Liputan6.com, Denpasar - Keputusan Presiden (Keppres) yang merevisi Peraturan Presiden (Perpres) No 51 Tahun 2014 tentang Perubahan Atas Peraturan Presiden Nomor 45 Tahun 1011 tentang Rencana Tata Ruang Kawasan Perkotaan Denpasar, Badung, Gianyar dan Tabanan (Sarbagita) membuat Wahana Lingkungan Hidup (Walhi) melakukan protes keras.

Walhi menilai SBY membuka jalan untuk PT Tirtha Wahana Bali Internasional  melakukan reklamasi di Teluk Benoa. Seperti diketahui Walhi sangat menolak proyek reklamasi tersebut. Dengan mendirikan Forum Rakyat Bali Tolak Reklamasi (ForBali), Walhi merangkul dari berbagai lapisan di Bali yang tidak menginginkan reklamasi terjadi.

Koordinator ForBali Wayan Suardana memaparkan, keluarnya perpres tersebut menimbulkan keresahan masyarakat Bali. "Perpres ini membuat kami galau," ucap pria yang biasa disapa Gendo ini di Kantor Walhi, Kamis 12 Juni 2014.

Gendo menambahkan, pihaknya sudah memprediksi perpres tata ruang sarbagita akan direvisi. Karena, katanya, perpres itulah yang selama ini menjadi batu sandungan proyek reklamasi Teluk Benoa seluas 700 hektar itu. "Perpres itulah yang selama ini menjadi batu sandungan proyek reklamasi Teluk Benoa itu," tambahnya.

Ia menambahkan, Perpres 45 Tahun 2011 dalam pasal 55 ayat 5 menyebutkan, kawasan Teluk Benoa merupakan kawasan konservasi perairan. Termasuk juga Pulau Pudut yang ada di situ. Aturan lain yang menghambat reklamasi adalah Perpres 122 Tahun 2012, yang salah satu pasalnya menyebutkan bahwa reklamasi tidak bisa dilakukan di kawasan konservasi perairan. "Jika dipaksakan, jelas itu pidana tata ruang. Satu-satunya jalan adalah merevisi," paparnya.

Di dalam isi perubahan perpres itu, Teluk Benoa sebagai kawasan konservasi perairan diubah menjadi kawasan budaya, masuk menjadi zona penyangga. "Dia menjadi kawasan pemanfaatan umum. Konsekuensi hukumnya bisa direklamasi," tutur dia.

"Secara eksplisit diatur juga pada pasal 63 dan 101 A, untuk kawasan budidaya Zona penyangga dapat dilakukan revitalisasi, termasuk reklamasi sepanjang luasnya 700 hektar," tambahnya.

Luasnya sama dengan ukuran reklamasi yang diajukan PT TWBI. Menurutnya, perpres ini diterbitkan bukan untuk melindungi masyarakat Bali, namun hanya agar bisa terlaksananya investasi itu.

"Konsep yang baru.

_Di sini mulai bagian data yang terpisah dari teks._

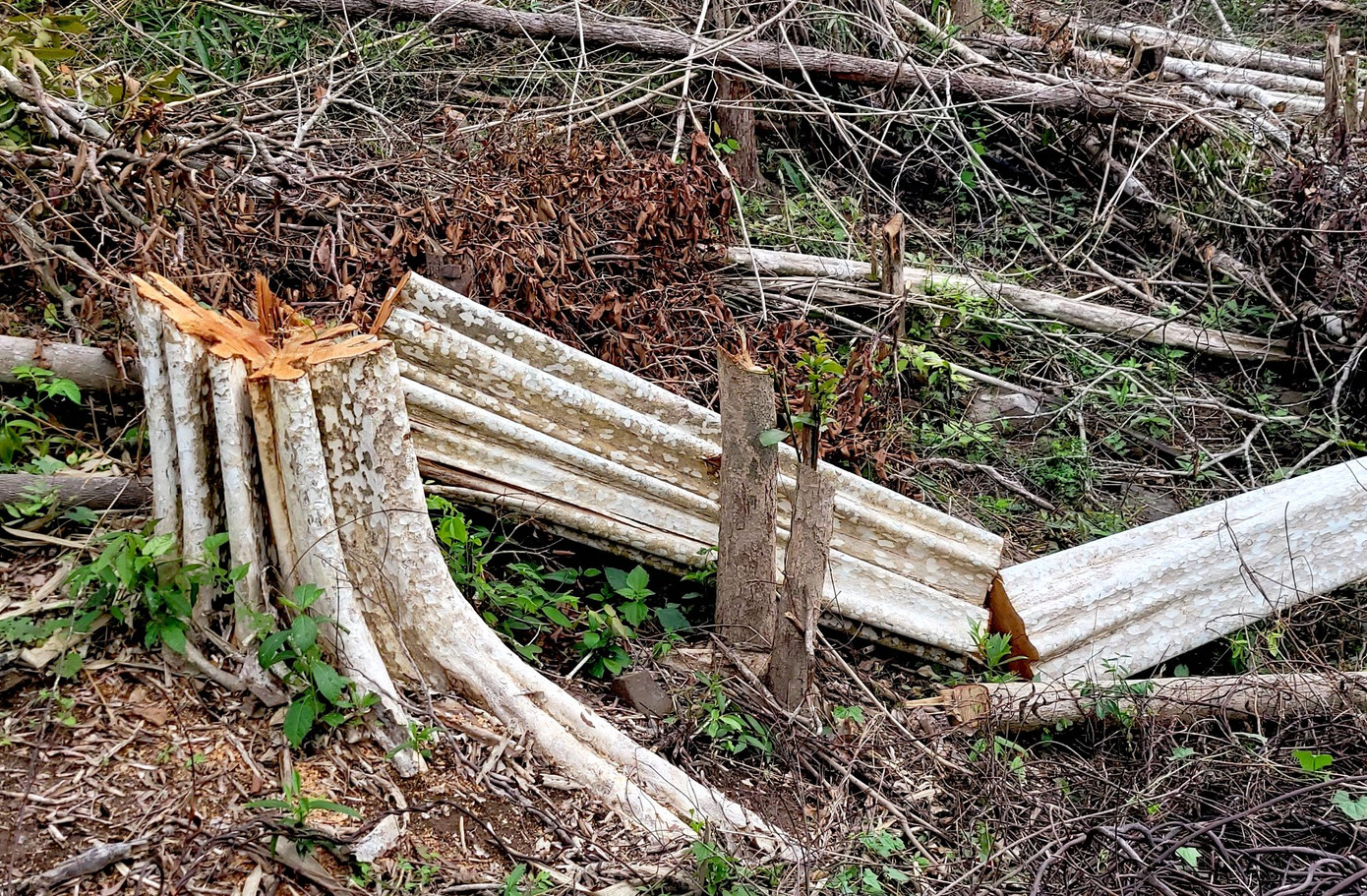 Thân gỗ lớn bị cưa làm nhiều phần tại khoảnh rừng.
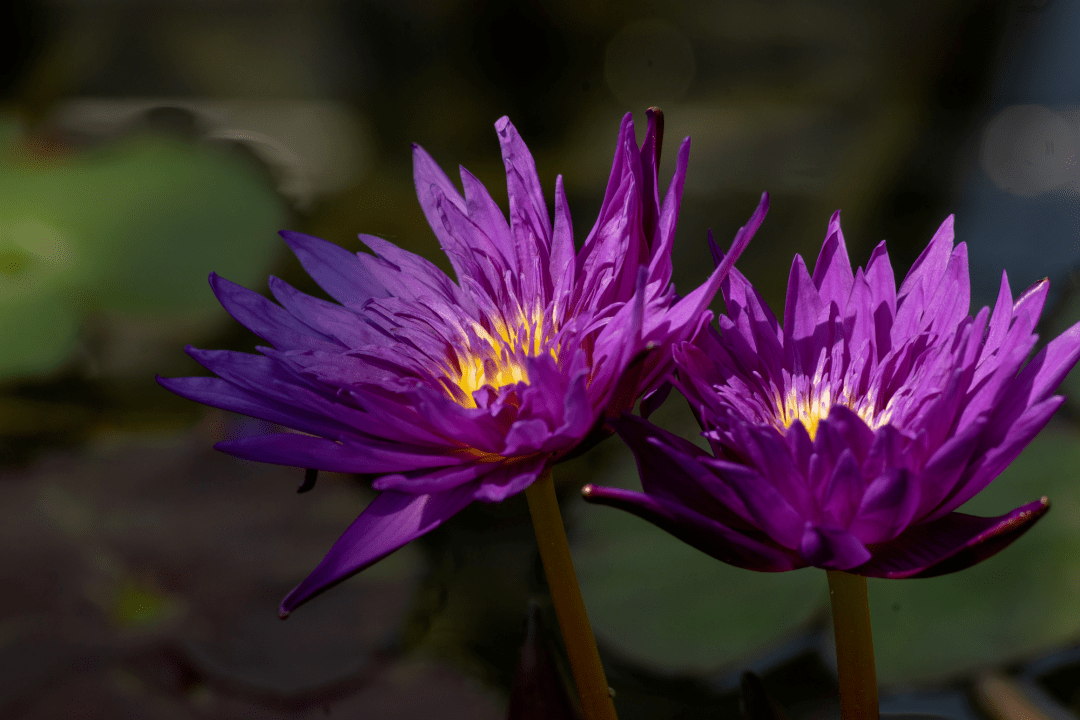 紫色千瓣莲花图片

Karena, di perpres yang lama tidak dikenal kawasan penyangga. Cara yang kejam mereduksi konservasi untuk kepentingan modal. Ini adalah langkah buruk pengaturan hukum tata ruang yang manipulatif. Ini pelanggaran HAM melalui hukum. Negara takluk kepada kepentingan modal," imbuhnya.

"Perpres ini bukan memitigasi bencana tetapi malah menambah bencana. Jika Teluk Benoa dipaksakan direklamasi, sejumlah penelitian telah menyebut akan terjadi erosi, merusak kawasan mangrove, merusak empat sungai besar yang tampungannya di Benoa. Proyek ini menambah risiko bencana, terutama tsunami," tutup  Gendo.

Wacana reklamasi di perairan Tanjung Benoa memicu kontroversi. Gubernur Bali telah menerbitkan Surat Keputusan (SK) No. 2138/02-C/HK/2012 tentang Pemberian Izin dan Hak Pemanfaatan Pengembangan dan Pengelolaan Wilayah Perairan Teluk Benoa Provinsi Bali tertanggal 26 Desember 2012.

Pihak PT Tirtha Wahana Bali Internasional menyatakan proyek itu bertujuan membangun obyek wisata baru dan menyerap tenaga kerja. Reklamasi berencana membuat beberapa pulau buatan di dalam teluk, di sekitar Pulau Pudut.